Great with potato gnocchi, rigatoni or with a baked hard polenta
Serves: For Pasta Serves 6-8
Ingredients – To Prepare the Chicken and Make the Stock:
- 1 Rhode Island White Leghorn chicken
- 1 large onion, 1 small carrot, 1 stalk of celery – large dice
- 10 peppercorns
- 4 juniper berries
- 1 bay leaf
- 2 thyme branches
- 5 parsley stems
- 1 tablespoon salt
- 1 Gallon water
- Gently simmer chicken until drumstick bones slide out of the thigh joint easily when twisted, approximately 60-90 minutes. Cool chicken in broth until room temperature. Remove chicken from broth and pick the meat VERY CAREFULLY. Meat should be completely clean and free of cartilage, tendons, bones, skin, veins, and thigh arteries. Save all undesirable material to make a stock. Strain the broth that you removed the chicken from and reserve aromatics and vegetables.
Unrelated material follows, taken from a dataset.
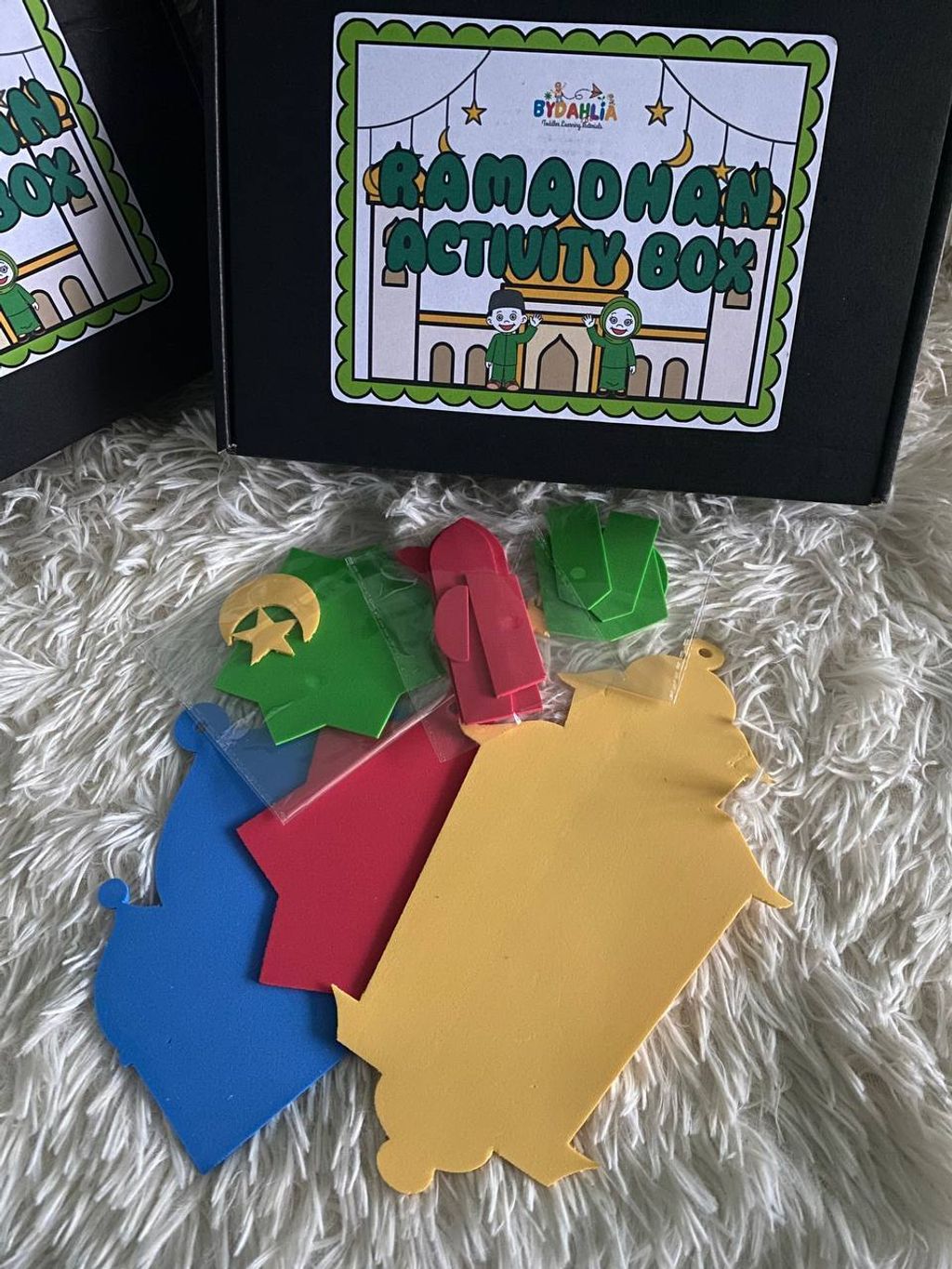 photo_6161215382107571183_y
- Roast all the bones, junk, aromatics, and vegetables to a golden brown. Cover the roasted bones with the original poaching liquid and simmer gently for 2 hours. Strain and set aside or refrigerate to finish the next day. Cut chicken into approximately half inch chunks and refrigerate.
Ingredients – To Make the Ragu
- 4 tablespoons Extra Virgin Olive Oil
- .5 lb. wild mushrooms – sliced
- 1 bay leaf
- 1 large-ish onion – small dice
- 3 cloves garlic-chopped
- 8-10 sage leaves-chopped
- Pinch of chili flake
- Pinch of smoked paprika
- Splash (2 tablespoons) of red wine
- ¼ – 1/3 cups of finely chopped roasted red pepper (1 large pepper, roasted and peeled then
- Roasted chicken stock (approximately 2 ½ – 3 qts should be yielded from the process)
- 1 qt plum tomatoes- milled
- Heat olive oil in wide-bottom pot until wavy hot. Add all wild mushrooms, spread evenly along the bottom of the pot. Season with salt and pepper. Do not stir. Let it cook over high heat until mushrooms start to brown, approximately 3-5 minutes. Then stir occasionally continuing to cook the mushrooms for another 7 minutes over high heat. Spread the mushrooms to the side creating a pool of oil in the middle of the pot.
- Add the onions and bay leaves, flatten into the oil, and leave to cook for a couple of minutes. Then stir the onions in with the mushrooms. Lower the heat to medium and cook until the onions are translucent and tender, approximately 10 minutes. Spread the ingredients again creating a pool of oil in the center of the pot and add the garlic. Stir garlic into the puddle of oil and leave for 1 minute to cook. Don’t let it go past golden brown in color. Add sage, chili flakes, and smoked paprika and stir. Splash in the wine. Then add the stock, tomatoes, roasted peppers and simmer, stirring occasionally to avoid sticking and scorching on the bottom and sides of the pot. Add a healthy pinch of salt. Simmer gently for 45 minutes. After this it won’t be brothy but it won’t be thick and pulpy either.
- When the sauce is ready add all of the picked chicken. Stir and bring the sauce back to one boil. Do not leave the stove to do other work. Stay, stir, final season, boil once, Ba- Boom!